8社が同一のシステムを使用することで、会社間にまたがるQR乗車券の発券が可能。
2024052920-45-032
(上記発表資料(https://www.tobu.co.jp/cms-pdf/releases/202405291150160CBBRsoa38jKVbdWopmmKA.pdf)より引用)

【サービス開始時期】
2026年度末以降、順次実施予定


詳細は、上記発表資料をご覧下さい。



これまでの磁気乗車券に替わって、地方鉄道事業者での導入事例も既にある「QR乗車券」ですが、近年、JR各社や大手民鉄などで、導入を進めていく動きが出てきています。

ここ関西地区では、大手民鉄事業者等で構成する「スルッとKANSAI協議会」が、QRコードを活用したデジタル乗車券サービスの開始を、またJR西日本が周遊券等のQRチケットのサービスを開始することを発表しています。
(参考)




一方、東日本地区の鉄道事業者を見てみますと、JR東日本では2024年下期にQRコードを使用した新たな乗車サービス導入を発表しているほか、東武鉄道では2024年度までの4カ年を期間とする「中期経営計画2024〜2027」において、QR乗車券の導入による磁気乗車券の全廃を発表しています。
(参考)




このように、QR乗車券の仕組みが徐々に導入されていくなか、現在発売されている磁気乗車券をどのように扱っていくのか気になっていましたが、今回発表のあった8社では、2026年度末以降に現在の磁気乗車券をQR乗車券に置き換えていくことが発表されました。

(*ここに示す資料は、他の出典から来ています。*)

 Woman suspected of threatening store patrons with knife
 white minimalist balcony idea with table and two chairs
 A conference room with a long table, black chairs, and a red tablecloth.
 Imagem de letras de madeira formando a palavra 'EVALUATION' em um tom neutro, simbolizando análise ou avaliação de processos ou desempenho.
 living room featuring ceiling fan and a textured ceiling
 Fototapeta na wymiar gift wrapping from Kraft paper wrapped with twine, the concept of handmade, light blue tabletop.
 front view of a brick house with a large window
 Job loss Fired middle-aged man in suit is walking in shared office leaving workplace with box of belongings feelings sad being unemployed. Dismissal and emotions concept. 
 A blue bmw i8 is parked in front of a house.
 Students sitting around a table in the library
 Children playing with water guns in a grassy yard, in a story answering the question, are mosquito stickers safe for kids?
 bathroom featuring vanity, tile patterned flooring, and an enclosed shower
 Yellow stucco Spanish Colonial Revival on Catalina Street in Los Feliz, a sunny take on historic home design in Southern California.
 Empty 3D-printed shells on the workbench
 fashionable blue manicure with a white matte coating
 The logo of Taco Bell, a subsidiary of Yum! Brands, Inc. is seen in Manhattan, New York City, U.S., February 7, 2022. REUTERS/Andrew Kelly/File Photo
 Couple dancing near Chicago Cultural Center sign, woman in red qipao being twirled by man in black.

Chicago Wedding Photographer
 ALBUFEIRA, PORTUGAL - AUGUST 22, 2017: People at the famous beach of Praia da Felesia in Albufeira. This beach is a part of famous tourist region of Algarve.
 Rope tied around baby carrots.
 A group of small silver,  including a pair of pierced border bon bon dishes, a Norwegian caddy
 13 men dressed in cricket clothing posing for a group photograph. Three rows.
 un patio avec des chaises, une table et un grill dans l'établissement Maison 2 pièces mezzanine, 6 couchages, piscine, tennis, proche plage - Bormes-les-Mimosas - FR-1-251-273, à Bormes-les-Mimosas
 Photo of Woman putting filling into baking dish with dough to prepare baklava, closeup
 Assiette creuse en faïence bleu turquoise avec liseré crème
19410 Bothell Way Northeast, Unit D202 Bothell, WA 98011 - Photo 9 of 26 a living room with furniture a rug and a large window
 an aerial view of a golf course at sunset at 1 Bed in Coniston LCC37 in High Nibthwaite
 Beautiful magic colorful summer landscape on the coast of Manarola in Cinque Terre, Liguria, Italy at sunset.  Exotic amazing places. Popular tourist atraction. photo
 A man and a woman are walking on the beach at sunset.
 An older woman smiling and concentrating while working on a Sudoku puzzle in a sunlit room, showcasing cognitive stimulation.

思えば、磁気乗車券を使用した自動改札機は、ここ関西の阪急電鉄が嚆矢だったかと記憶しており、その後、1980年代にかけて関西地区の鉄道事業者を中心に普及が広がりました。
1990年代に入ると、これまで磁気乗車券の導入が進まなかったJR各社や首都圏の鉄道事業者でも導入が進み、大都市圏では当たり前のように磁気乗車券が利用されたのが、1990年代後半から2000年代にかけてでしょうか。

その後、交通系ICカードの普及により、磁気乗車券の利用割合は減少していき、現在では1割にも満たなくなりました。
将来的にこの磁気乗車券をどうしていくのか、というのは、新たにQRコードの技術が普及してきたこともあって、個人的に気になっていましたが、今回首都圏の8社では、磁気乗車券を廃止していくという、思い切った方向性が示されることとなりました。


今後、どのようなスケジュールで磁気乗車券をQR乗車券に置き換えていくか、また普通乗車券以外のきっぷをどのようにQR乗車券に対応させていくのか等、詳細は気になるところです。
ともあれ、技術の進化により、きっぷの形も変化していくことを、リアルタイムで体験していくことになりそうですので、その様子を逐次このブログでもご紹介していければと思っています。